EXERCISE PROMPT
An exact reproduction of the data below is expected, free of images.

THE DATA
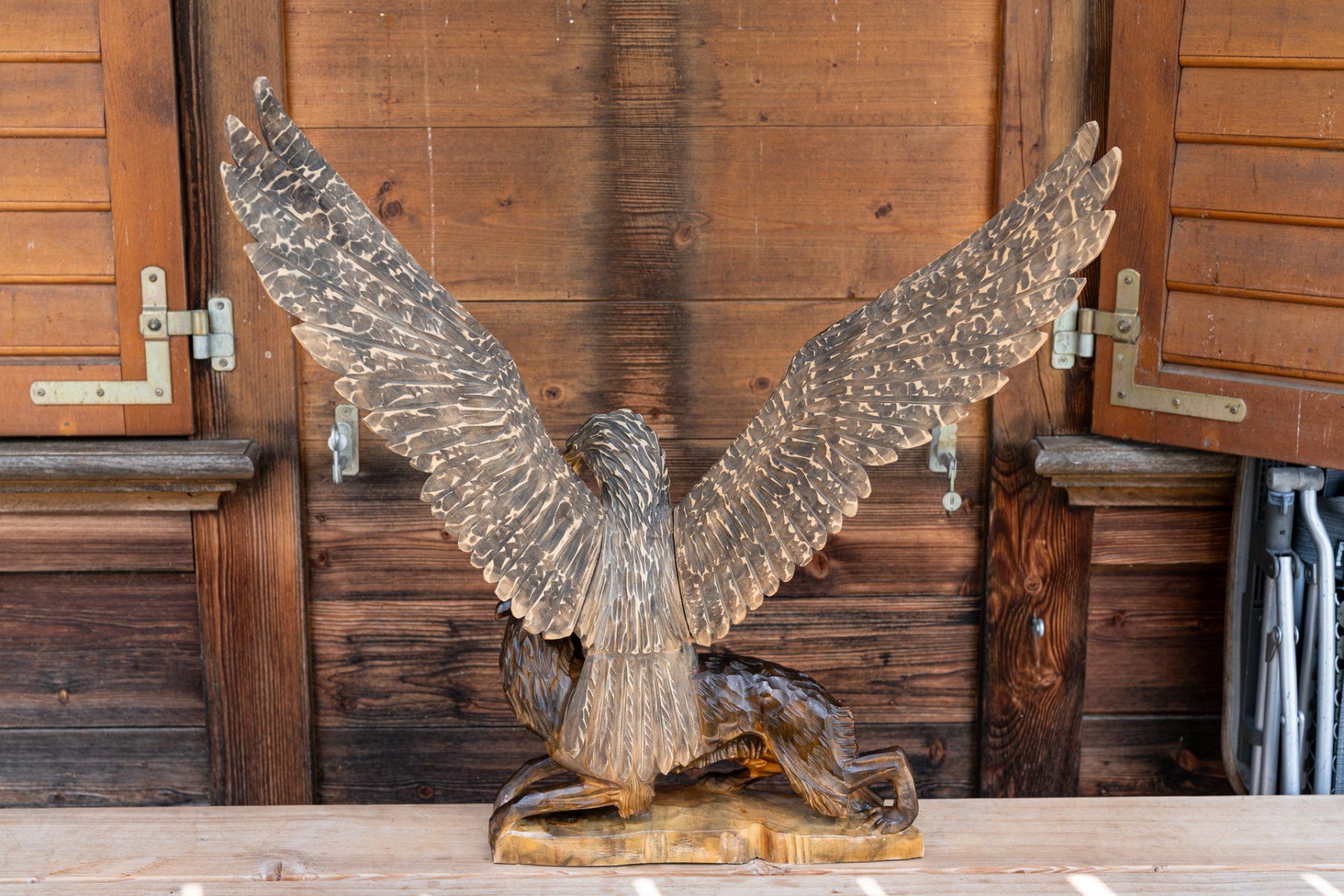 Skulpturen & Statuen: Adler auf Wolf aus Holz, handgeschnitzt – Gebraucht aus Alchenstorf von mab1410 1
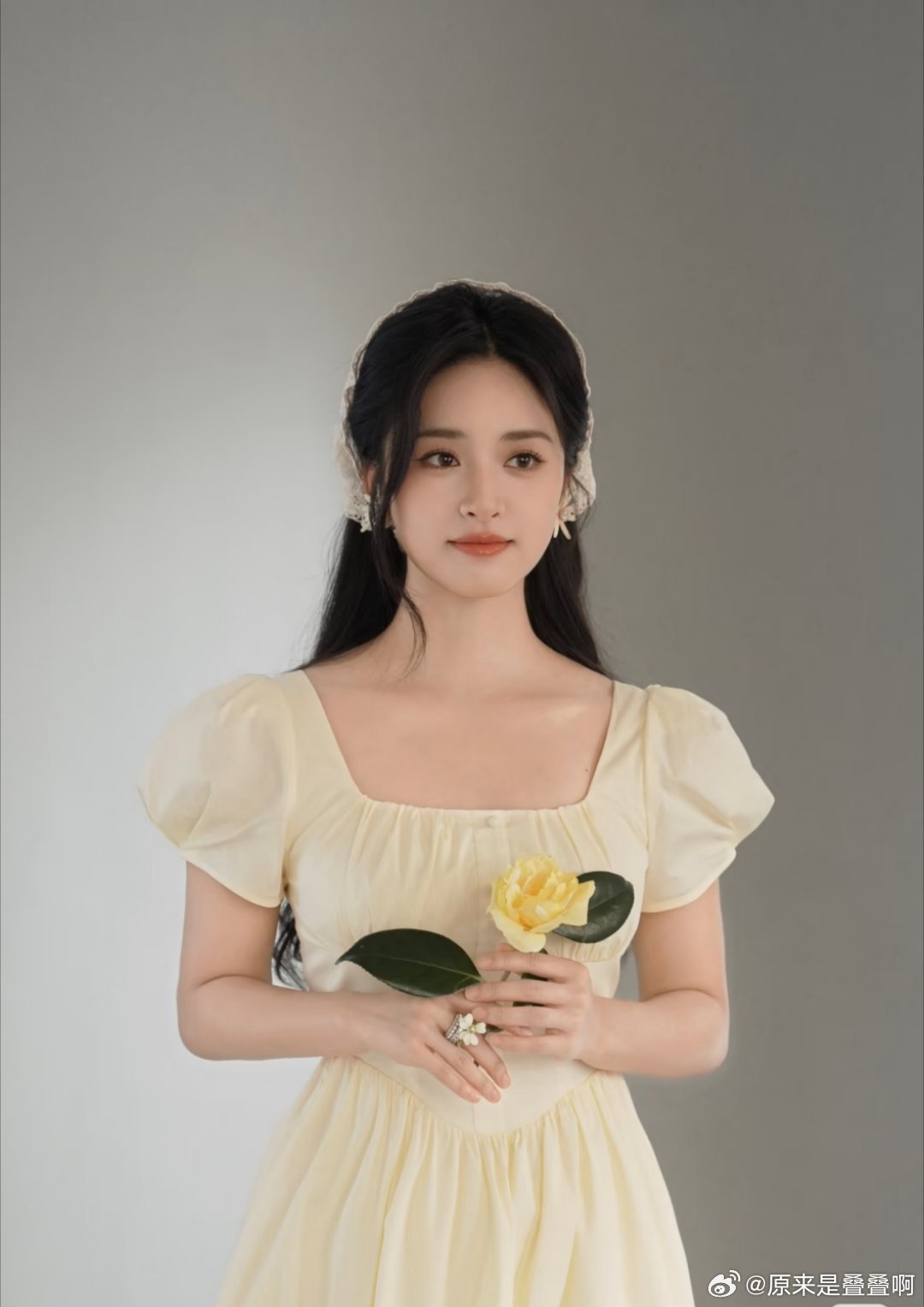 #沈月疑接ELL卸妆油商务#
是这个品牌不好吗还是怎么回事？
为啥看到有说粉丝抵制呢？
如果不是，那就是粉丝有点多管闲事
如果是，那沈月还是慎重一点吧
好喜欢她这个妆造[嘻嘻] ​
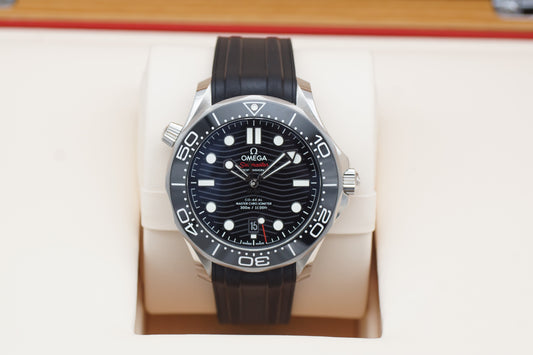 Omega Seamaster Diver 300M 210.32.42.20.01.001 Schwarz NEU 2025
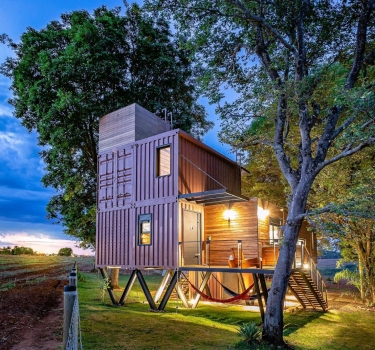 Nhà Container Full Nội Thất và Hệ Thống Năng Lượng Mặt Trời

WORKED SOLUTION
 Skulpturen & Statuen: Adler auf Wolf aus Holz, handgeschnitzt – Gebraucht aus Alchenstorf von mab1410 1
 #沈月疑接ELL卸妆油商务#
是这个品牌不好吗还是怎么回事？
为啥看到有说粉丝抵制呢？
如果不是，那就是粉丝有点多管闲事
如果是，那沈月还是慎重一点吧
好喜欢她这个妆造[嘻嘻] ​
 Omega Seamaster Diver 300M 210.32.42.20.01.001 Schwarz NEU 2025
 Nhà Container Full Nội Thất và Hệ Thống Năng Lượng Mặt Trời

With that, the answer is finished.